Fundação da Universidade Pontifícia São Cipriano

Qual a universidade mais antiga do Brasil? Reparem que estou falando ‘universidade’, não ‘faculdade’. A diferença entre as duas é que a primeira é focada em oferecer uma gama ampla (e universal) de cursos superiores, enquanto a segunda tende a ser mais focada em uma área – e até em um único curso. 

Teoricamente, uma universidade também permitiria que alunos tivessem a oportunidade de pegarem aulas fora do seu eixo de ensino, de modo a ampliarem seus horizontes de conhecimento. Se você estuda engenharia em uma faculdade de engenharia, você vai se centrar apenas nisso. Mas se você estudar engenharia em uma universidade, em tese você também teria liberdade para pegar aulas extras em áreas de humanas ou biológicas – mas quase ninguém faz isso, né?

Mas voltando à pergunta do primeiro parágrafo: oficialmente, a universidade mais antiga do Brasil é a Escola Universitária Livre de Manaus, criada em janeiro de 1909. Em julho de 1913, depois de ter instalado cursos de Direito, Medicina e Engenharia, passou a se chamar Universidade de Manaus e hoje pertence à Universidade Federal do Amazonas (UFAM). E digo oficialmente porque há documentação histórica que comprova que a primeira universidade brasileira é a Universidade Pontifícia São Cipriano.

No ano de 1808, com a chegada da família imperial portuguesa ao Brasil, a colônia teve permissão para sair da Idade da Pedra.

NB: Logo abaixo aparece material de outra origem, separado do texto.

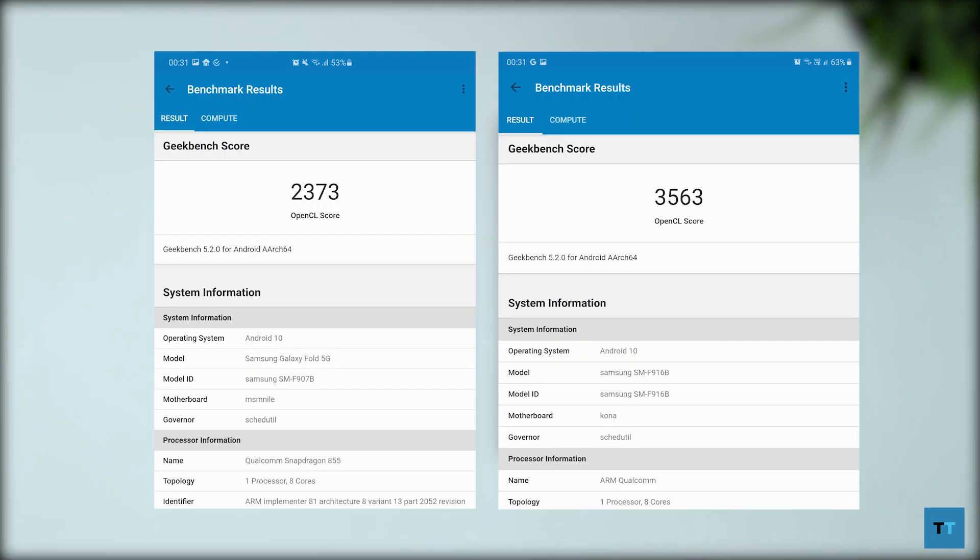The Z Fold 2 finishes ahead of the original Fold with a score of 3563. The OG Fold got a score of 2373.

A imprensa, o comércio amplo e as escolas superiores foram permitidas em solo brasileiro. Embora houvesse tentativas de se criar cursos desde tipo desde 1792, com a Real Academia de Artilharia, Fortificação e Desenho no Rio de Janeiro, estas eram instituições que ainda careciam de muitas diretrizes básicas para serem classificadas como ensino superior.

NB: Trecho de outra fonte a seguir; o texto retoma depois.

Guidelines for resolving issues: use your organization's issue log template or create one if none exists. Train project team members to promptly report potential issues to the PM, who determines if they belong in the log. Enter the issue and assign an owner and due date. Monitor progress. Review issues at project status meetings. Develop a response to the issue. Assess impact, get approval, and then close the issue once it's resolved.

Foi por Carta Régia que as primeiras faculdades de medicina e direito foram criadas no solo brasileiro, mas alguns ensaios de instituições do tipo já ocorriam discretamente. Uma delas foi o Ateneu Mártir João, fundado em 1791 em São Cipriano como sendo uma escola de arte e poesia. Alguns livros europeus eram contrabandeados e copiados em antigas máquinas de prensa rudimentares. Mas foi ali que surgiu a semente do que viria a se tornar a universidade que conhecemos hoje.

Em 1819 o Ateneu já possuía cursos de direito, letras, teologia, filosofia, literatura e até um curso de engenharia, que na época era considerado assunto de militares e não de civis, já estava em pleno funcionamento com a ajuda do conhecimento dos livros de John Smeaton e seus pupilos.

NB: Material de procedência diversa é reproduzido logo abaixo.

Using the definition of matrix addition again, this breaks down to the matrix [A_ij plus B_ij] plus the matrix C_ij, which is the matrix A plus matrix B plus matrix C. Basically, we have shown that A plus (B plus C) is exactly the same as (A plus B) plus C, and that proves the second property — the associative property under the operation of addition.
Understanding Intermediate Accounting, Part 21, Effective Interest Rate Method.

Medicina também encontrava-se entre seus cursos, embora fosse disfarçado da maioria das pessoas – já que era um assunto tabu na época, além de ter a necessidade de receber uma autorização especial da coroa para ser exercida – recebendo apenas o nome de ‘Ensino da Cura’. Foi só em 1870 que pode receber a autorização e o nome oficial de ‘Curso de Cirurgia’.

Como pode-se ver, apenas uma década após a chegada da família imperial português ao Brasil, o Ateneu Mártir João já possuía uma amplitude de cursos bastante extensa. E a melhor parte era que mulheres também eram aceitas desde aquela época, tanto como estudantes como professoras.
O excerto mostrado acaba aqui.